3. **ARC Challenge, HellaSwag, WinoGrande (Lower Performers):** These three tasks (dark blue diamond, star, plus) show the slowest growth. They often start at or below zero normalized accuracy. They begin to rise noticeably only after 1B-2B tokens and reach final values between ~0.0 and ~0.25, with significant variance between tasks and model sizes. HellaSwag (star) often shows the lowest performance.
* **Model Size Comparison:** Larger models (2.8B, 6.9B) generally achieve slightly higher final accuracy on these functional tasks than the 1B model, but the overall shape of the learning curves is consistent.
* **5-Model Aggregate (Panel d):** This chart includes shaded error bands, indicating variance across the five models. The "5.6% of training time" annotation highlights that the initial, low-performance phase constitutes a small fraction of the total training budget before significant gains are observed.
### Key Observations
1. **Phase Transition:** A dramatic, synchronized phase transition occurs for *all* benchmarks (both formal and functional) between 512M and 4B training tokens. This suggests a critical point in training where fundamental capabilities are acquired.
2. **Competence Dichotomy:** There is a clear separation between "Formal Competence" (linguistic syntax/grammar tasks like BLiMP, SyntaxGym) and "Functional Competence" (reasoning/knowledge tasks like ARC, PIQA).

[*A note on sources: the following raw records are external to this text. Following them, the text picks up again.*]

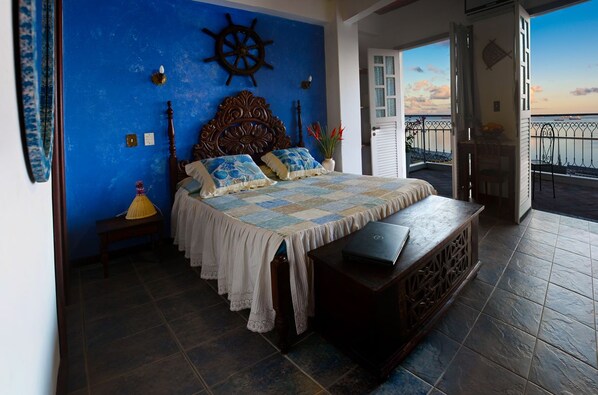 Double Room, Sea View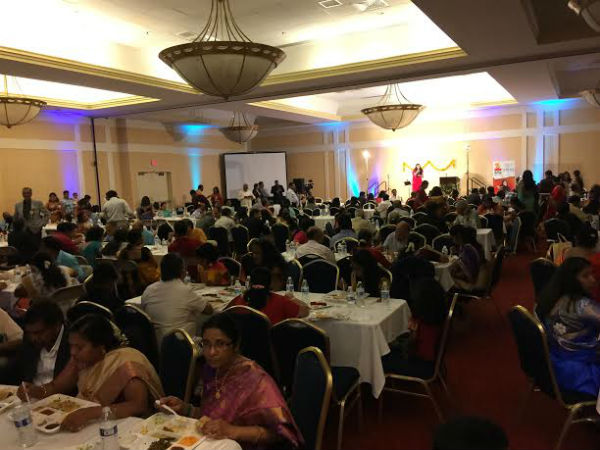 FeTNA 2016 begins FeTNA 2016 begins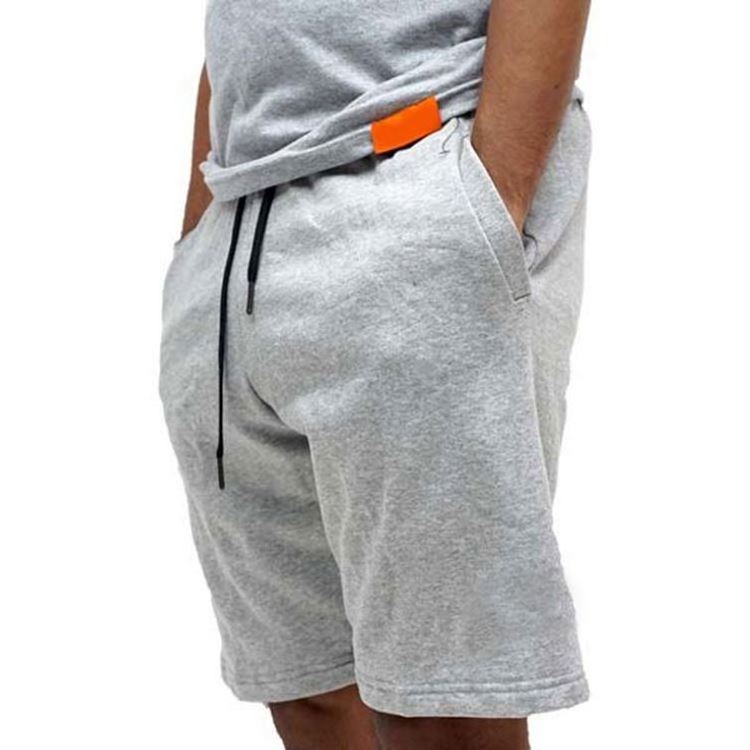 100% Cotton Mens Print Nylon Mesh Sports Running Cargo For Men Sublimated Basketball Football Sweat Shorts Custom Logo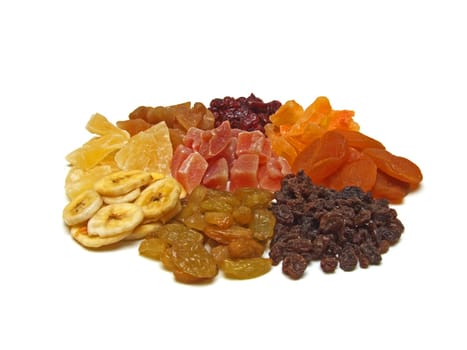 some dried fruit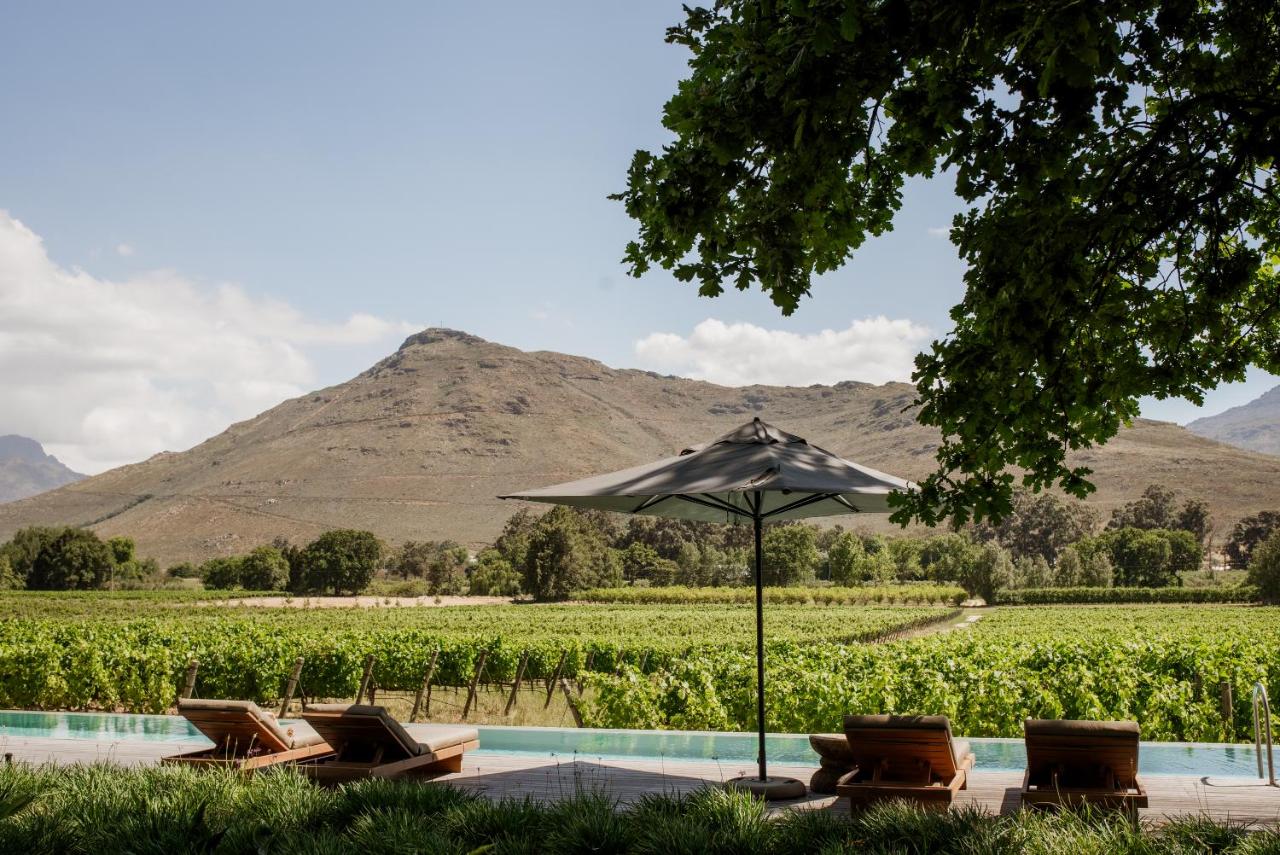 MAISON FRANSCHHOEK - B&B Franschhoek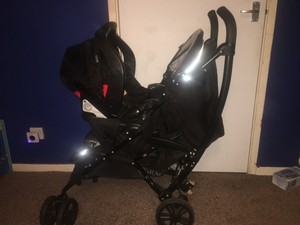 graco breaze lite footmuff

Formal competence is mastered quickly and to a high level after the phase transition, while functional competence improves more gradually and plateaus at lower levels.
3. **Task Difficulty Spectrum:** Within functional competence, a clear hierarchy of difficulty is evident, with ARC-Easy/PIQA being "easier" than Social-IQA, which is easier than ARC Challenge/HellaSwag/WinoGrande.

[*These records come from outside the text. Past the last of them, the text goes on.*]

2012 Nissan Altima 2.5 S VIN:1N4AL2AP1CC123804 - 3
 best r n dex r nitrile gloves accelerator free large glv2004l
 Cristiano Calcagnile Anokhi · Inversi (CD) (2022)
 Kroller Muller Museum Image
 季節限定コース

4. **Scalability:** The patterns are remarkably consistent across model sizes (1B to 6.9B parameters), indicating that these learning dynamics are a property of the training process and data, not just model scale. Larger models show modest performance gains but follow the same trajectory.
### Interpretation
The data demonstrates a fundamental characteristic of large language model training: **capability acquisition is not linear**. Models spend a significant portion of early training (the first ~5.6% of tokens, up to ~16B) in a low-competence state, building basic statistical regularities. Then, a rapid phase transition occurs where core linguistic (formal) and reasoning (functional) abilities emerge almost simultaneously across a wide range of benchmarks.

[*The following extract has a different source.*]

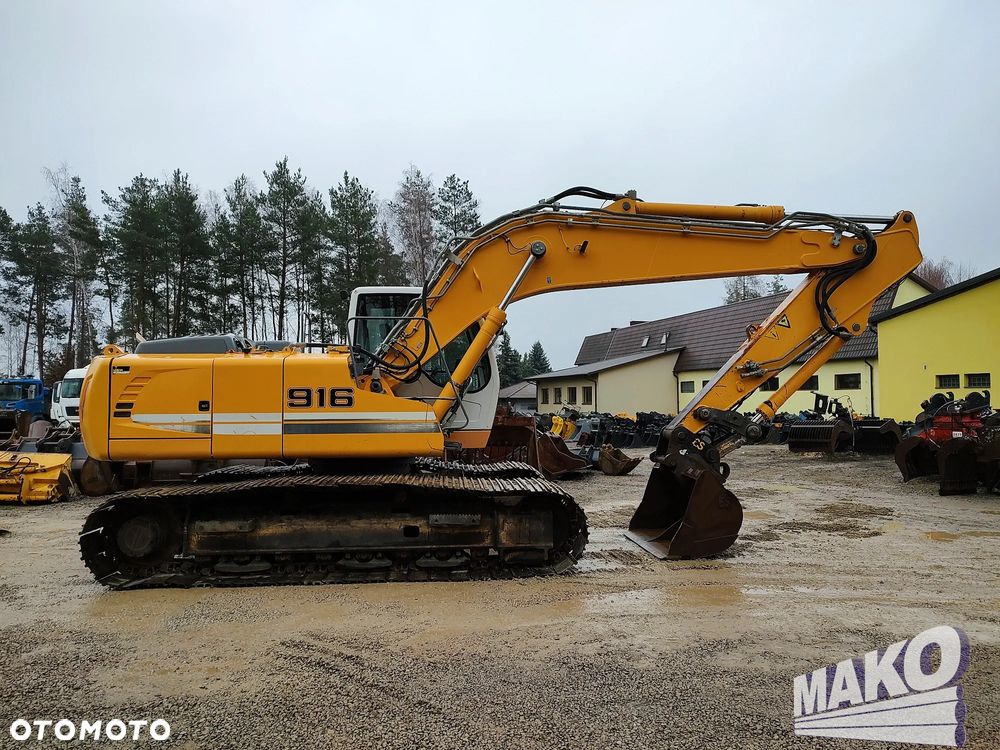 Liebherr R916 LC - 6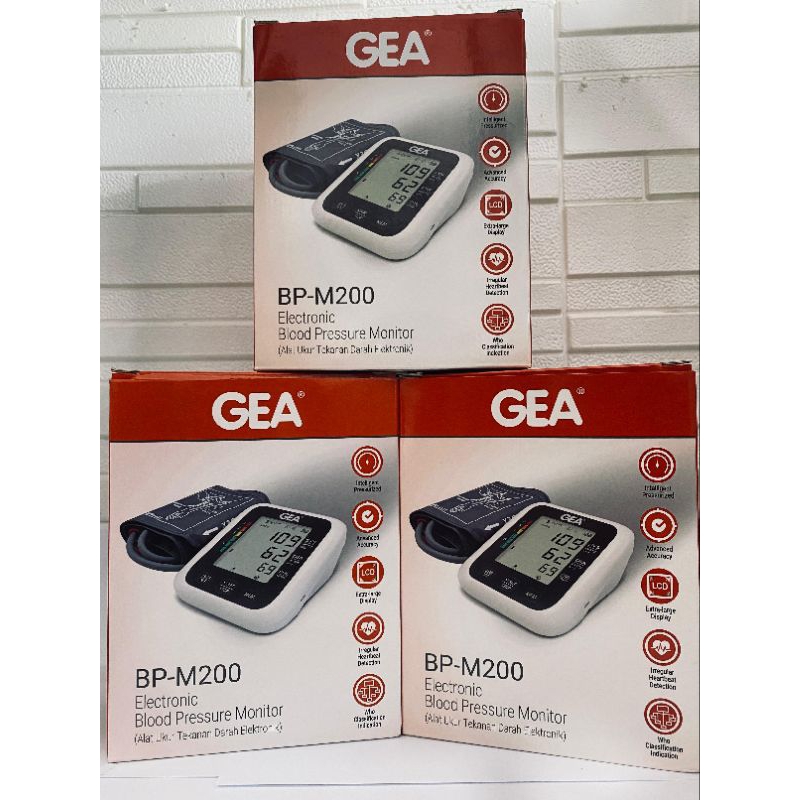 Tensi digital Gea BP-M200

The stark difference between the high, flat plateaus of formal competence and the lower, still-rising curves of functional competence suggests that mastering syntactic structure is a prerequisite that is achieved relatively "easily" once sufficient data is seen. In contrast, the knowledge and complex reasoning required for functional tasks are harder to acquire and may continue to improve with even more data or different training approaches. The consistency across model sizes implies these are robust phenomena in the scaling of transformer-based LMs trained on natural language corpora. The charts effectively argue that "more data" leads to a predictable, non-linear unlocking of capabilities, with different skill sets emerging on different timelines.